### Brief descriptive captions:
Segment Open

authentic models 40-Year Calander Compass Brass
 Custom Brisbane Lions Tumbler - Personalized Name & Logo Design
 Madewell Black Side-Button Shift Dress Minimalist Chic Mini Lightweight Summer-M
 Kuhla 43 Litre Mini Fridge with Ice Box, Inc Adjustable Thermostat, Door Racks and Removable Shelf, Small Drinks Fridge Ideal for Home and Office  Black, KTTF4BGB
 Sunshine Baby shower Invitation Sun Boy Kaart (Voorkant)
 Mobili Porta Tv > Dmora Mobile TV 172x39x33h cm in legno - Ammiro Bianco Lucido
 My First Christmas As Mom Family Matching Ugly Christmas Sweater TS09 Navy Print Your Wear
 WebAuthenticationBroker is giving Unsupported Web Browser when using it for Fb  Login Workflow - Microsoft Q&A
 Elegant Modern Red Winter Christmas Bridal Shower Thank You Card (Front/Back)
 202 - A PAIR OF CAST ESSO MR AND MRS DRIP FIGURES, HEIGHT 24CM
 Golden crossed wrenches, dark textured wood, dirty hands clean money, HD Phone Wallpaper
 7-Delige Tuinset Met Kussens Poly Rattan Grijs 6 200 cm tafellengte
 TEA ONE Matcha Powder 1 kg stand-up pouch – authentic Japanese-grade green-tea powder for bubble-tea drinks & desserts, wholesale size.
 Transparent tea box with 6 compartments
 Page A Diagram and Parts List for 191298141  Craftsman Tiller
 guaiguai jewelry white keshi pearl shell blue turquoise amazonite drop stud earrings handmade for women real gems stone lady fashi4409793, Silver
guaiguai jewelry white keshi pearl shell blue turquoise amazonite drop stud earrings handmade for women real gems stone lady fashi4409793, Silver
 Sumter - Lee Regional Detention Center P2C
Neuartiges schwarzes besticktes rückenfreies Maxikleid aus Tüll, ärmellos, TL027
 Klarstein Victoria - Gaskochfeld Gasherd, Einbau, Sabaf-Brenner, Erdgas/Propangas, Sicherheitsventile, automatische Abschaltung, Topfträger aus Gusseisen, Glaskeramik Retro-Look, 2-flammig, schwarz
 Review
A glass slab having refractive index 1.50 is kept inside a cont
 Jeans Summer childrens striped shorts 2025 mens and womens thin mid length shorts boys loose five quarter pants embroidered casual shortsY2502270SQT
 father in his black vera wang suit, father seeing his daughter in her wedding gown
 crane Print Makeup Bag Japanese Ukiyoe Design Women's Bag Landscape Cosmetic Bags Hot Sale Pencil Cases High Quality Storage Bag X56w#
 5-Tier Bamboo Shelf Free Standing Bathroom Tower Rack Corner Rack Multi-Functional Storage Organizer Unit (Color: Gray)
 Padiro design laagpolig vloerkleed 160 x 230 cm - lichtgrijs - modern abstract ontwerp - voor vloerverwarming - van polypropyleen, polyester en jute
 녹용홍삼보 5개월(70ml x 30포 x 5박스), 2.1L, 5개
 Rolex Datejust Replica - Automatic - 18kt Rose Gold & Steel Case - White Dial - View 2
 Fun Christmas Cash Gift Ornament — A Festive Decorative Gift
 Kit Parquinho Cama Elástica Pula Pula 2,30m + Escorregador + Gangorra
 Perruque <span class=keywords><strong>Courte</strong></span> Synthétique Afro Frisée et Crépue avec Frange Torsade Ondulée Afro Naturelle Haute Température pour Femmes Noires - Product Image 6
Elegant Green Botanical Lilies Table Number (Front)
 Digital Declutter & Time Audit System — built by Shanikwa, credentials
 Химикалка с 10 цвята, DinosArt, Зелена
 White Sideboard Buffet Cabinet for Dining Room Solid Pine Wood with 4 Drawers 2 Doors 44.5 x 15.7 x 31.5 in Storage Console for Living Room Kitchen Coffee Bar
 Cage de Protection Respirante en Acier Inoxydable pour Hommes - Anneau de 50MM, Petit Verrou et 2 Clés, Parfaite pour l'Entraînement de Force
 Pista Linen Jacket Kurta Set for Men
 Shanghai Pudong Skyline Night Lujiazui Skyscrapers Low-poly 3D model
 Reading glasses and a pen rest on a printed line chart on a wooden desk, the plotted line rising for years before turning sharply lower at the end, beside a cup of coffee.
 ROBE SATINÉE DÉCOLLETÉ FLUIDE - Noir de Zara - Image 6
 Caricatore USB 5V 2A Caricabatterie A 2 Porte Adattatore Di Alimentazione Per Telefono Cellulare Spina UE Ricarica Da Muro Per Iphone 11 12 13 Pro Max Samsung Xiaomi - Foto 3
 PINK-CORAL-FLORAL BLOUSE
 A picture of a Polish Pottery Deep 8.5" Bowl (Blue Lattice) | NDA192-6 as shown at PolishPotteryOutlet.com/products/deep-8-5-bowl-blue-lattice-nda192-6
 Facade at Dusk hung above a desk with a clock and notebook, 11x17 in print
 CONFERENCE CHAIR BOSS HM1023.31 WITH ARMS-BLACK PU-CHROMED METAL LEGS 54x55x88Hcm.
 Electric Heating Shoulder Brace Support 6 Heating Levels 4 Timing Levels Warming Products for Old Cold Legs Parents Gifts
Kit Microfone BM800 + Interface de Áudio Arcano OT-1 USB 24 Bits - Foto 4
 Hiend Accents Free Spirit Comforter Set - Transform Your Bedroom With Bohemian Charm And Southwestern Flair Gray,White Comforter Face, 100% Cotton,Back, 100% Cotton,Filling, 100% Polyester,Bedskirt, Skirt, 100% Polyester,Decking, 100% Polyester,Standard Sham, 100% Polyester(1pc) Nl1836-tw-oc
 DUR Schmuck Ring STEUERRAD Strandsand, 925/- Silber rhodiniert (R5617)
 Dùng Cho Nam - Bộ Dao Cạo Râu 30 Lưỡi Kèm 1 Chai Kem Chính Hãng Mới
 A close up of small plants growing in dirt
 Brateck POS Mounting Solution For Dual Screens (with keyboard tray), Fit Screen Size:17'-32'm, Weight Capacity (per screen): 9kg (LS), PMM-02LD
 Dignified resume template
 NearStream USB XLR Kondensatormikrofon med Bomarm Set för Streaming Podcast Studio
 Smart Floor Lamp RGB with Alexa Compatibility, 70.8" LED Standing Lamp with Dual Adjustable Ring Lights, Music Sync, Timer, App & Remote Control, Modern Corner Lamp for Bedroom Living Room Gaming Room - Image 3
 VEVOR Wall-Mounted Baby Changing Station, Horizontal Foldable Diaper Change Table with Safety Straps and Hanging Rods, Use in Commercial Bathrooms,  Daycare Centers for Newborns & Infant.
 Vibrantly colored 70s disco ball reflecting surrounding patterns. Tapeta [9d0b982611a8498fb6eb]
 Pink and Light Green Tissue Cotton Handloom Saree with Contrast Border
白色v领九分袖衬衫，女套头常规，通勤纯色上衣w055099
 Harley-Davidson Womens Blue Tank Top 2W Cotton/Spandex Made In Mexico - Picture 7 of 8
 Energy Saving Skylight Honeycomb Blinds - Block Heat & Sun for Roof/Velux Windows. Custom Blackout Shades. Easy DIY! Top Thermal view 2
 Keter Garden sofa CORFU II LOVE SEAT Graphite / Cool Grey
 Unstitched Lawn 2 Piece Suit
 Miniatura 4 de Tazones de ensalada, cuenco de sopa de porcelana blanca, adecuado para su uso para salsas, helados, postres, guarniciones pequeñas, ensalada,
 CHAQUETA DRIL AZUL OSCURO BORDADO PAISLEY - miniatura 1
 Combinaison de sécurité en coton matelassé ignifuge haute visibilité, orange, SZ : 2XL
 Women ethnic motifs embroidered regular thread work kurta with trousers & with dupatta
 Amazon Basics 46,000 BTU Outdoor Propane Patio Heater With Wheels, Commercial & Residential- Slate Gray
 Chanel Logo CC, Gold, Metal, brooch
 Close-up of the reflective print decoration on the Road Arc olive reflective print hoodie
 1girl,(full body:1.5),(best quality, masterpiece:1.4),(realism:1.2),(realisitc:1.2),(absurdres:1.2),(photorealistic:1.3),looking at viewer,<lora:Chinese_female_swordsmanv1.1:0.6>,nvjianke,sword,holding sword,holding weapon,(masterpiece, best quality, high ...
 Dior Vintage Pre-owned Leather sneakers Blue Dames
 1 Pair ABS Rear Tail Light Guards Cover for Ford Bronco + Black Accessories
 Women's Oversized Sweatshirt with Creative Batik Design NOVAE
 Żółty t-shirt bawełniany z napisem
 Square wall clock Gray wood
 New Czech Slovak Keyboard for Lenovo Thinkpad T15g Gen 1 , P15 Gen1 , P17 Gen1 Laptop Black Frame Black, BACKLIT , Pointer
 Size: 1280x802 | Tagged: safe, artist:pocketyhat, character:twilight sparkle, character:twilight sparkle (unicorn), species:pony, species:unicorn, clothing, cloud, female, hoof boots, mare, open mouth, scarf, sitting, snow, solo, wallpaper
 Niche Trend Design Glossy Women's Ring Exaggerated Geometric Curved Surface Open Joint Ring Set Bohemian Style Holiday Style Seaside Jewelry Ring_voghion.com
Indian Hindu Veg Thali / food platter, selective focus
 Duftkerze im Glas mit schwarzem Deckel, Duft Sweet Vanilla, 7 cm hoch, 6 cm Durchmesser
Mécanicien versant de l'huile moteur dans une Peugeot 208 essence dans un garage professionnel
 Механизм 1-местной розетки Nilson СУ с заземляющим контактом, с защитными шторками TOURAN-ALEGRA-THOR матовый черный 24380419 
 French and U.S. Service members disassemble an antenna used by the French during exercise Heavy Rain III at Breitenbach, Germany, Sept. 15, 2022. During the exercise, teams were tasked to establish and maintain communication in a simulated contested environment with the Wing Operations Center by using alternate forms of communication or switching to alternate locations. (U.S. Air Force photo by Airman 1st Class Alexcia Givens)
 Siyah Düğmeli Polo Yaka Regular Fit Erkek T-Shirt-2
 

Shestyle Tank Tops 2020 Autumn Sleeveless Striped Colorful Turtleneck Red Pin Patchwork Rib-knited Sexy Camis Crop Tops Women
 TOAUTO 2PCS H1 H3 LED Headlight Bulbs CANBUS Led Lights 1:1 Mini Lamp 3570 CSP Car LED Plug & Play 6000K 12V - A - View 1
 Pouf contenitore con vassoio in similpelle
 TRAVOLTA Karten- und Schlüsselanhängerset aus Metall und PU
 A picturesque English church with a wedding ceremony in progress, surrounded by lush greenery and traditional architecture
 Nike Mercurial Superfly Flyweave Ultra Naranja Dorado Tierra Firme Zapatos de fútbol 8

Segment Closed

From the entries above, restate word for word the lines from the line containing "202 - A PAIR" to the line containing "Transparent tea box with 6 compartments", both ends included, and nothing more.

 202 - A PAIR OF CAST ESSO MR AND MRS DRIP FIGURES, HEIGHT 24CM
 Golden crossed wrenches, dark textured wood, dirty hands clean money, HD Phone Wallpaper
 7-Delige Tuinset Met Kussens Poly Rattan Grijs 6 200 cm tafellengte
 TEA ONE Matcha Powder 1 kg stand-up pouch – authentic Japanese-grade green-tea powder for bubble-tea drinks & desserts, wholesale size.
 Transparent tea box with 6 compartments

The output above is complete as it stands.